_Task requirements_:
Below are records; extract exactly the lines from the one containing "bsn-amino-x-eaas-muscle-recovery-enduran-5.jpg" through the last, both included, and keep the pictures out.

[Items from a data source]
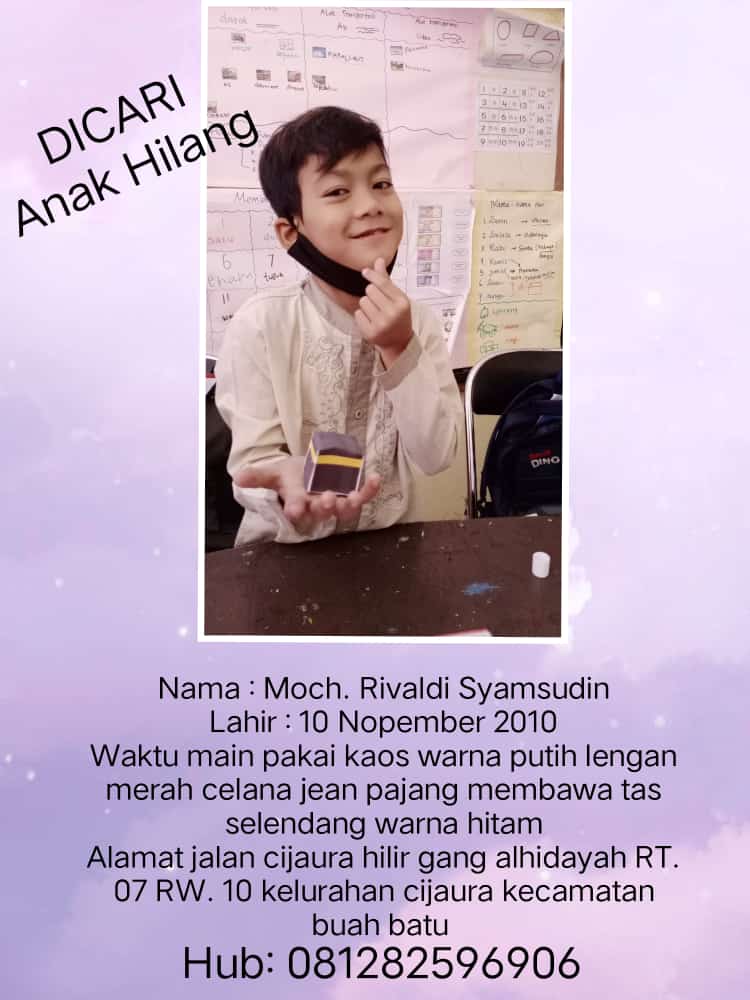 Radio PRFM tweet media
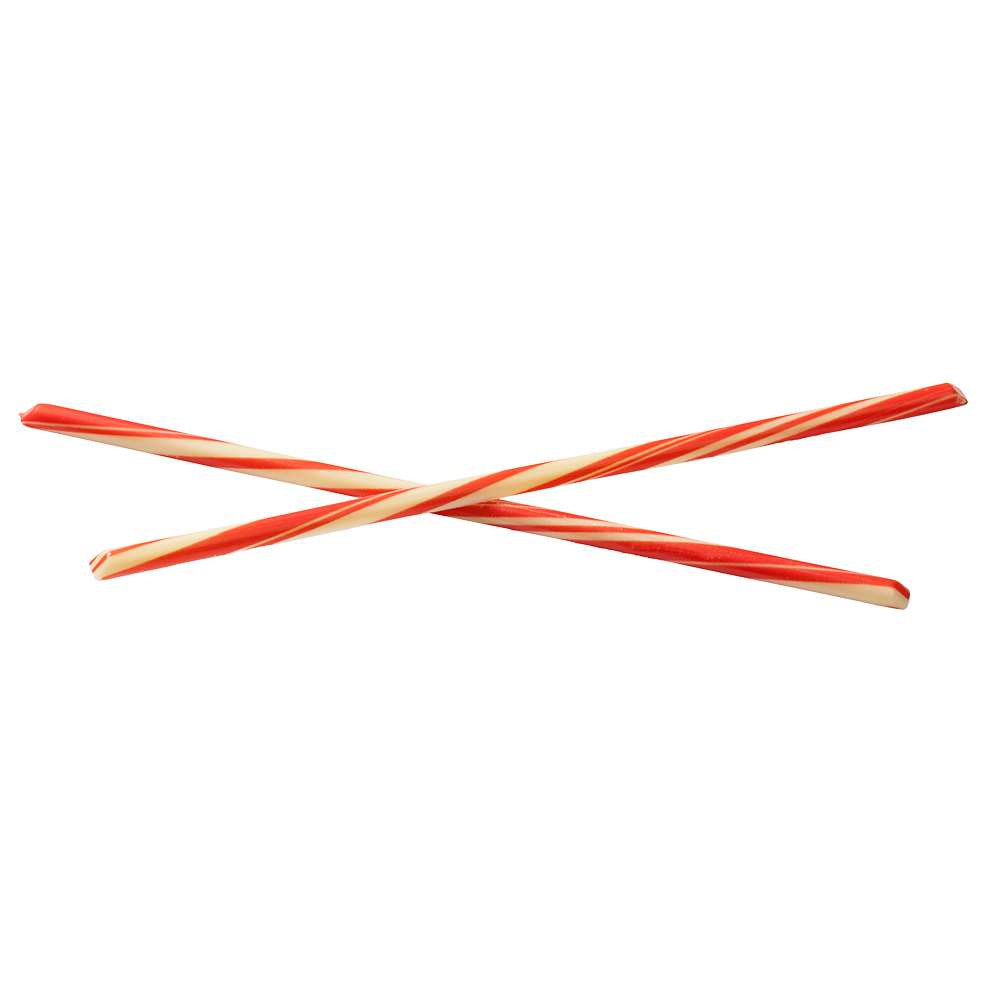 Red Wands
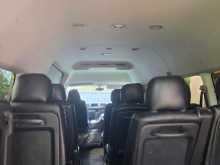 https://riyasewana.com/uploads/toyota-kdh-high-2022-2411035212592.jpg
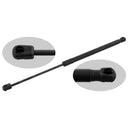 Febi 27619 Trunk Lid Lift Support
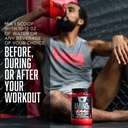 bsn-amino-x-eaas-muscle-recovery-enduran-5.jpg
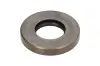 Сальник коробки передач CORTECO (12001577B) изображение 1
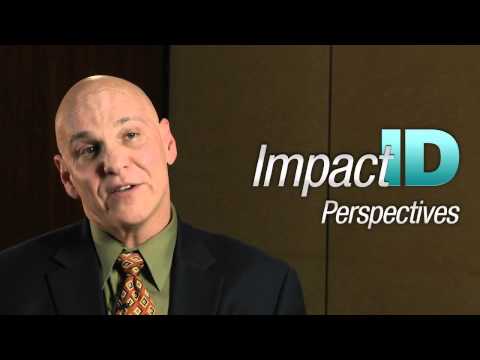 Effectively implementing Screening,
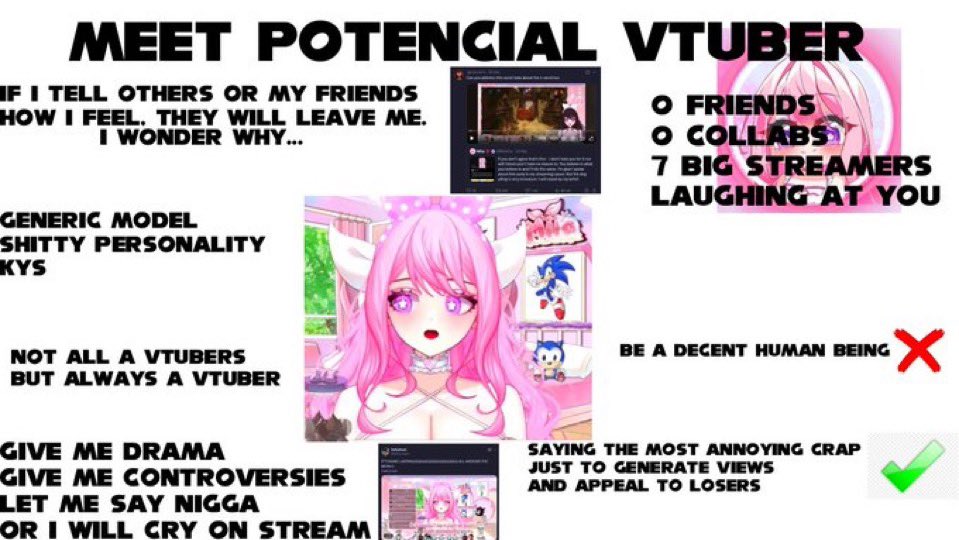 Akira :3 tweet media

_Solution to this task_:
 bsn-amino-x-eaas-muscle-recovery-enduran-5.jpg
 Сальник коробки передач CORTECO (12001577B) изображение 1
 Effectively implementing Screening,
 Akira :3 tweet media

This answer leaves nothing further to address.